Ce n'est pas un livre sur un week end de Hunter S. Thompson et d'Oscar Zeta Acosta mais ça, on le savait déjà de la bouche de l'auteur. Thompson a seulement transformé un voyage qu'ils avaient fait pour discuter car Acosta ne pouvait pas être vu en présence d'un journaliste par ses pairs du Chicano Movement.

Ce n'est pas non plus un livre sur le Rêve américain. Non, c'est l'arlésienne. Les personnages le cherchent, enfin ils partent en quête plutôt, avec toutes les victuailles. Puis ils tournent en rond. A un moment, ils décident de le chercher de nouveau, Malheureusement, il a brûlé il y a trois ans. Les deux zigues sont Ulysse et le Rêve américain, c'est Ithaque. Les sirènes, les cyclopes, les Circé, tout.
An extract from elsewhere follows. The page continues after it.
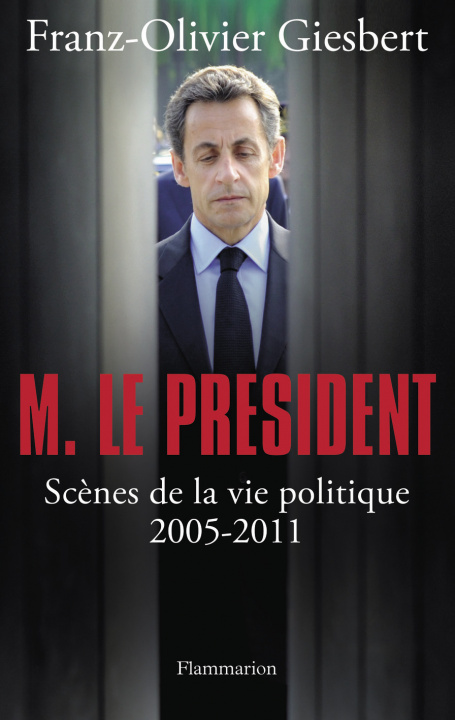 Libro M. Le Président Giesbert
Ils s'inventent même un Poséidon courroucé.

Car c'est justement là l'idée de ce putain de bouquin: il s'agit de deux types qui ont décidé d'être systématiquement opposés à tout, y compris eux-mêmes (par exemple, l'épisode de l'éther au Circus qui désolidarise la conscience de l'instinct, les obligeant à faire n'importe quoi et à en avoir honte au même moment). Ils sont à toutes les pages en train de se mesurer à un Poséidon qu'ils s'inventent avec leurs drogues, une paranoïa constante même devant les gens les plus coulants (le flic de l'Highway Patrol par exemple). On leur veut toujours du mal, ils doivent fuir systématiquement, même les pamplemousses peuvent les balancer.
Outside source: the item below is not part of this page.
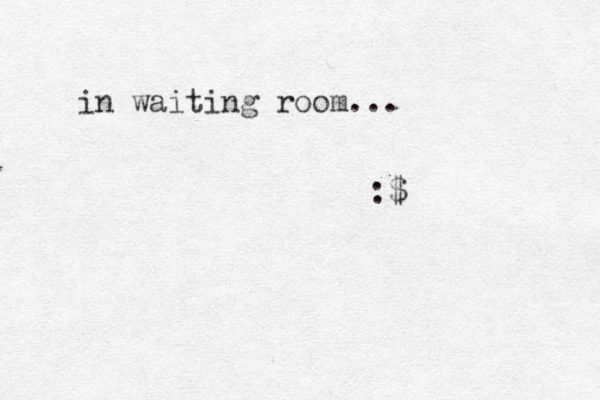 in waiting room... :$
Quand on essaye de retirer la fonction convolutive de la drogue du tableau, on aperçoit un Las Vegas d'une banalité relativement absolue. Des gros types qui jouent, des pépères qui font la queue avec bobonne pour réclamer une ptite ristourne sur la suite, des employés qui font leur boulot sans forcément trop de zèle. Les deux putains de dangers, ce sont Duke et son avocat, à se balader avec la tête pleine de produit Sandoz et des armes dans les mains. A s'imaginer que le monde est intégralement contre eux et quand il ne l'est pas, foutons le bordel, on va bien finir par nous coller contre un mur.

Ca aurait pu être hilarant du début jusqu'à la fin (du moment que la vue de poivrots titubant les rues vous fait marrer). Ils s'attaquent aux pinpins avec une once de pouvoir, ou suffisamment de lettre et d'esprit pour répliquer. Mais le passage qui n'est pas du tout amusant est celui de la serveuse à Vegas Nord, attaquée gratuitement, puis menacée par le dr Gonzo. Avant, on pouvait considérer les deux comme de (relativement) doux dingues mais cet épisode montre qu'ils peuvent être dangereux. Enfin surtout l'avocat. Il devait avoir l'alcool mauvais.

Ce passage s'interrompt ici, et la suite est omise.